The value of personal data
According to a legend, the Lenape Native Americans sold the Island of Manhattan to Dutch colonial governor, Peter Minuit, for glass beads worth $24. The Lenape were clearly taken advantage of at the time by European settlers who did not compensate them fairly for this transaction. People are now selling out their private data to tech giants for “glass beads” in a similar way – without being fairly compensated for the value of the data they pass on to these companies.

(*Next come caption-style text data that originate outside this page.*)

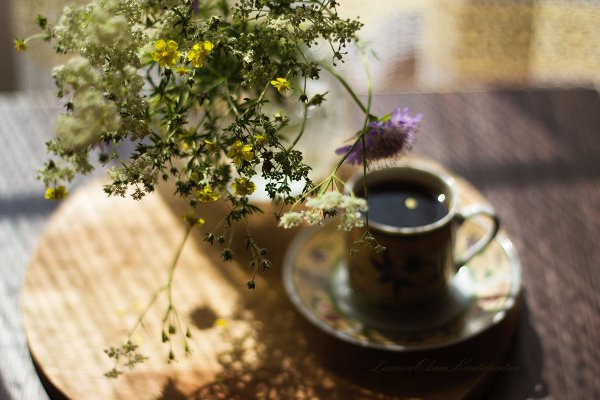 Букет полевых цветов и кофе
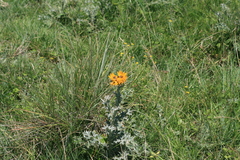 Berkheya heterophylla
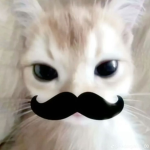 Tian'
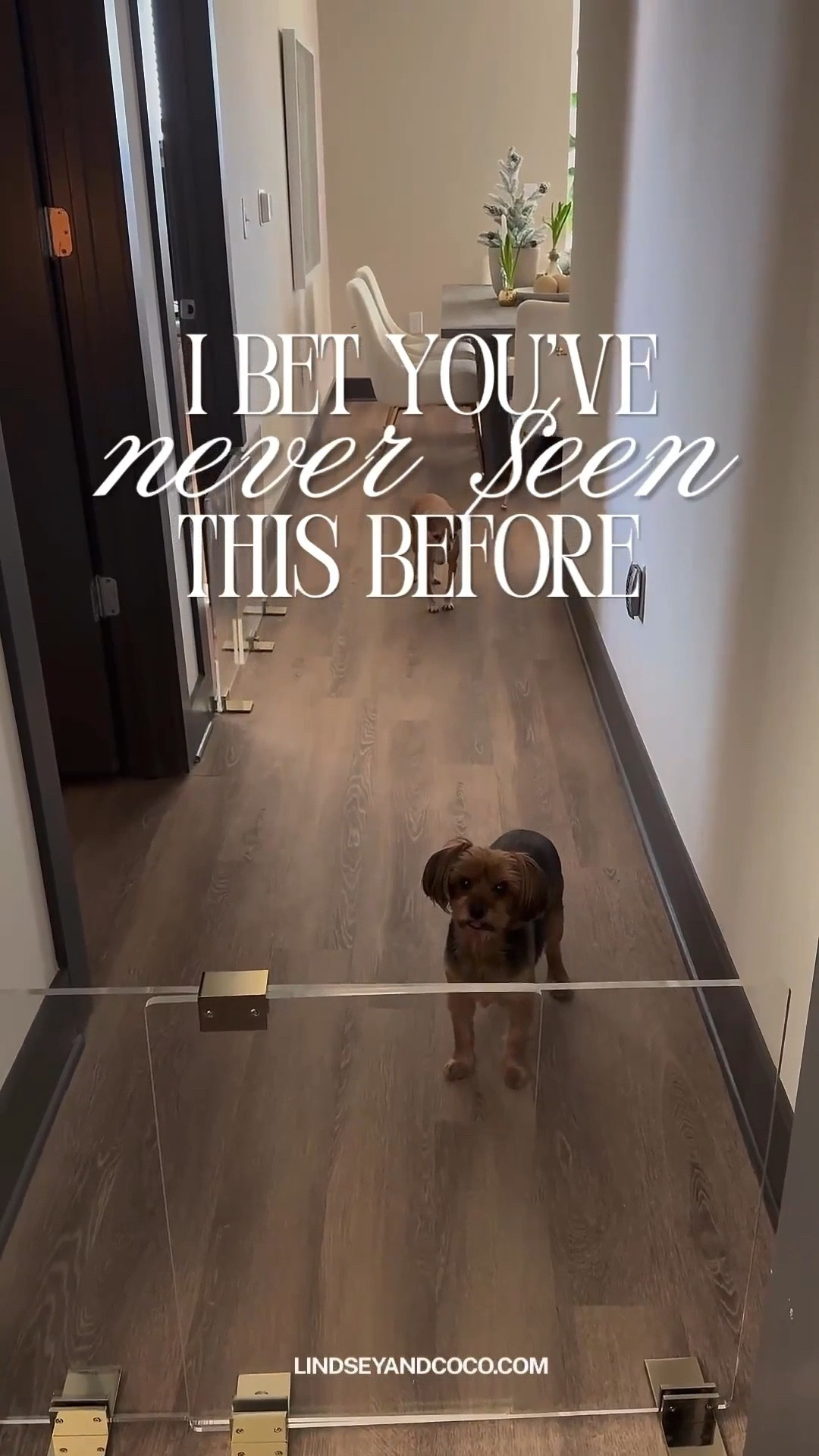 Apartment Therap Spring Refresh
Dog Mom Edition: Clear Pet Gates

Scroll to shop.

#LTKPet

#LTKHome #LTKdayinmylife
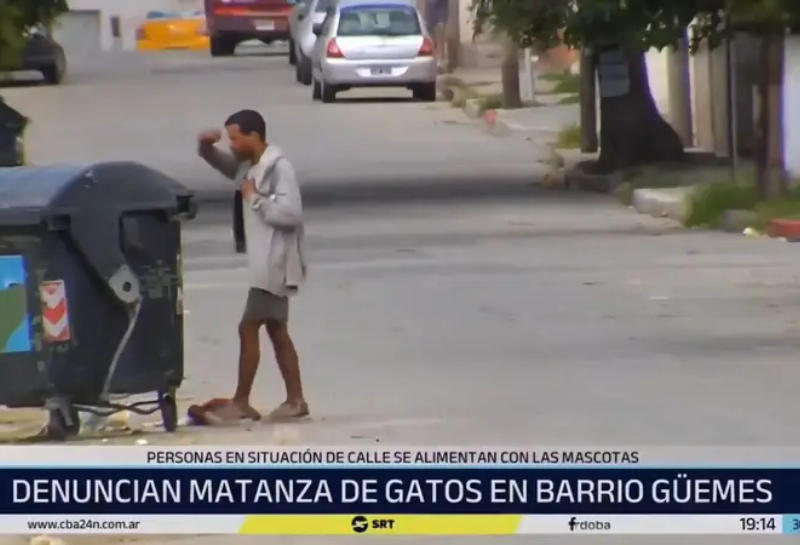 Pobreza extrema en Córdoba: vecinos denuncian desaparición de gatos para consumo Pobreza extrema en Córdoba: vecinos denuncian desaparición de gatos para consumo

Users are tricked into believing that these services are for free and then presented with privacy notices which they are pushed to accept, otherwise, they are unable to benefit from the service. The reality is that nothing is free, neither offline nor online. But benefiting from online services shouldn’t come at a price of having to provide all of our personal data; users should be given the choice to subscribe for a fee. Some might wonder (and rightly so); would anyone actually be willing to do that?

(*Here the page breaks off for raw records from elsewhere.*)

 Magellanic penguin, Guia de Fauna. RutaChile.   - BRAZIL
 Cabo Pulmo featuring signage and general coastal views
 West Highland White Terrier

People are becoming increasingly sensitive to the security and privacy of their information online which is due to the proliferation of data breaches and data misuses by big tech. With more awareness, come more conscious choices. But there was an agreement among my fellow panellists that there is room for more education and a long way still ahead of us. We need to equip people with the right technical tools and help them learn about privacy-minded services to put that education into practice.
Encryption as an enabler of online privacy
As U.N. Special Rapporteur on the promotion and protection of the right to freedom of opinion and expression put it, encryption provides individuals with a means to protect their privacy, empowering them to browse, read, develop and share opinions and information without interference, and enable them to exercise their rights to freedom of expression and opinion. There are many services that build their business model on encryption and thrive on providing people with privacy from the ground up.

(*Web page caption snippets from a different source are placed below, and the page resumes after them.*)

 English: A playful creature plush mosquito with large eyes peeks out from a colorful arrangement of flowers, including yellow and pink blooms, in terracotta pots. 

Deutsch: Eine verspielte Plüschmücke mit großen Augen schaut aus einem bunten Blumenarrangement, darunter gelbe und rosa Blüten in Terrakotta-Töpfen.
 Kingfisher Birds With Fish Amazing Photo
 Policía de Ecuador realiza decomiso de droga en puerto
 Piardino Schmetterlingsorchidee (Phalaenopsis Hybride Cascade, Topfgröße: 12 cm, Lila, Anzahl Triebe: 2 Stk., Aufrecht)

Even large companies are realizing the potential of encryption which seems to be becoming a buzz word these days. Facebook, which has an uphill battle ahead` to regain its users’ trust, announced its privacy-focused vision a couple of weeks ago which builds on making Messenger end-to-end encrypted by default. And there’s plenty of other businesses that claim to use encryption to protect client data.
On the one hand, this is a great development as the widespread use of encryption can help people and businesses to better protect their data online. On the other hand, it can also open the door for creating a false sense of safety – fake security, if you will.
Cryptography is complicated. There are different types of encryptions and they do not guarantee the same level of security. The problem is that the average user might not be able to differentiate between these and could have the impression that whenever a service uses encryption, it’s automatically secure. This, however, is not the case.
There is a big difference between companies which use server-side encryption and those which encrypt data on the client’s side. When it comes to the former, the provider encrypts the data before storing it on its servers. However, the service provider also holds the encryption key to that data. This means that their system administrators and anyone who manages to hack their servers or simply get hold of an administrator’s password can decrypt the content. In the case of the latter, encryption and decryption of digital information is done on the client’s device and only accessible to them and those they authorize. End-to-end encryption is the only way to provide users with true control over their data.
Joining the panel with Liz Steininger, CEO of Least Authority, a company supporting people’s right to privacy through security consulting, Christel Dahlskjaer, CCO of Private Internet Access, a leading VPN service provider, and Gustaf Björksten from Access Now, an international nonprofit which defends users digital rights, I was lucky to have had the opportunity to explore new, exciting, privacy-focused business models and draw attention to the dangers of a future where data-hungry businesses prevail.
Being a strong advocate of privacy as a human right, I am committed to promoting educational opportunities which enable people to have a better understanding of online security and to find the right tools to protect their privacy.